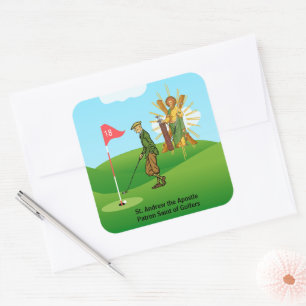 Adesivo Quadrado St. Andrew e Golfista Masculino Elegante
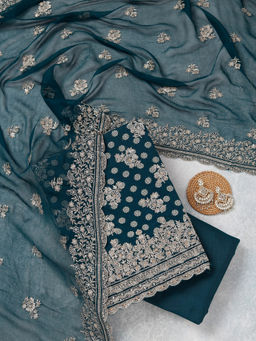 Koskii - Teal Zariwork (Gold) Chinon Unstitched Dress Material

* * *

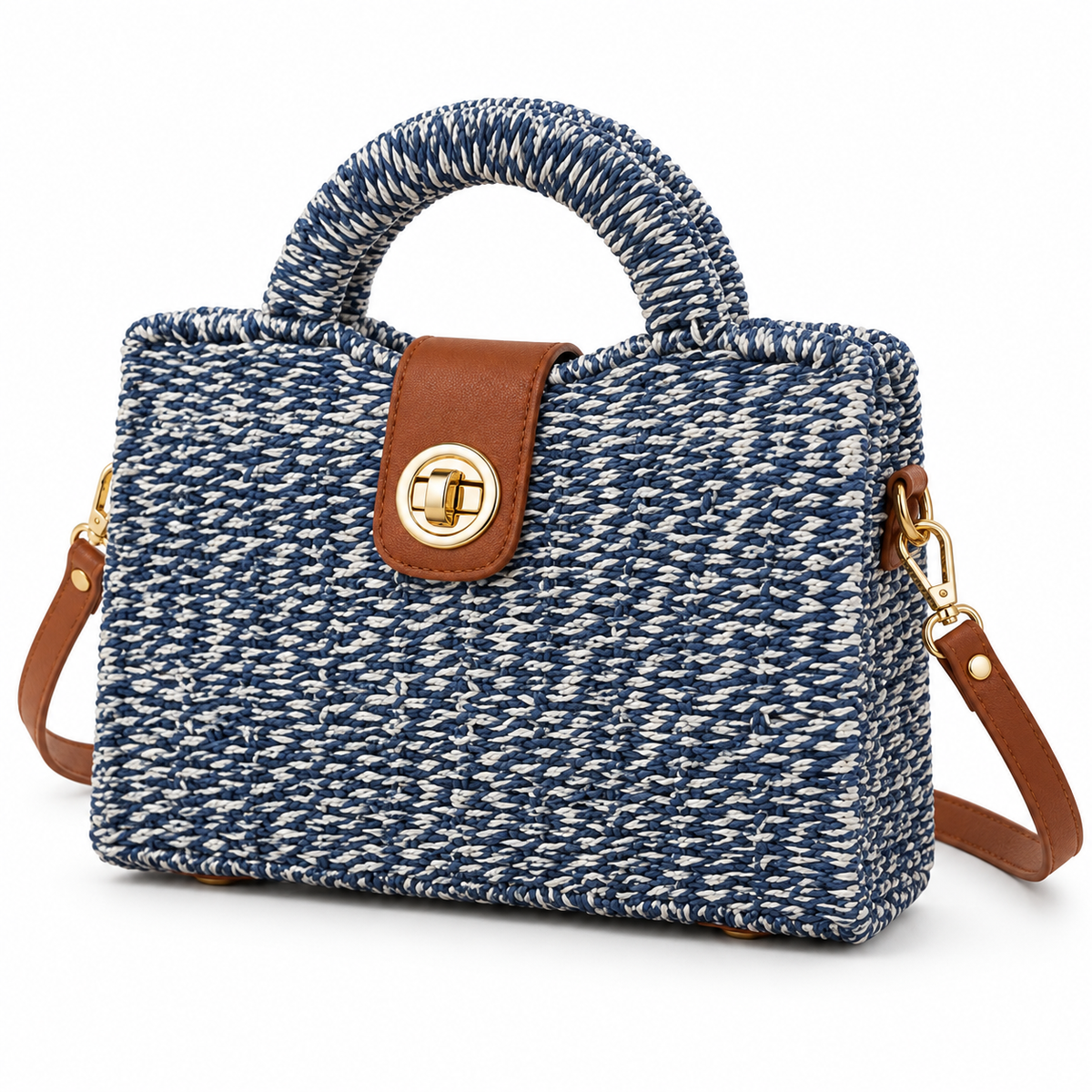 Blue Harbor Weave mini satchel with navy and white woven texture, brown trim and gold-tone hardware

_PROBLEM_
In the records above, everything from the line with "Adesivo Quadrado St." down to the line with "Koskii - Teal" is to be set down exactly, both ends included, with no pictures and no other lines.

_ANSWER SPACE_
 Adesivo Quadrado St. Andrew e Golfista Masculino Elegante
 Koskii - Teal Zariwork (Gold) Chinon Unstitched Dress Material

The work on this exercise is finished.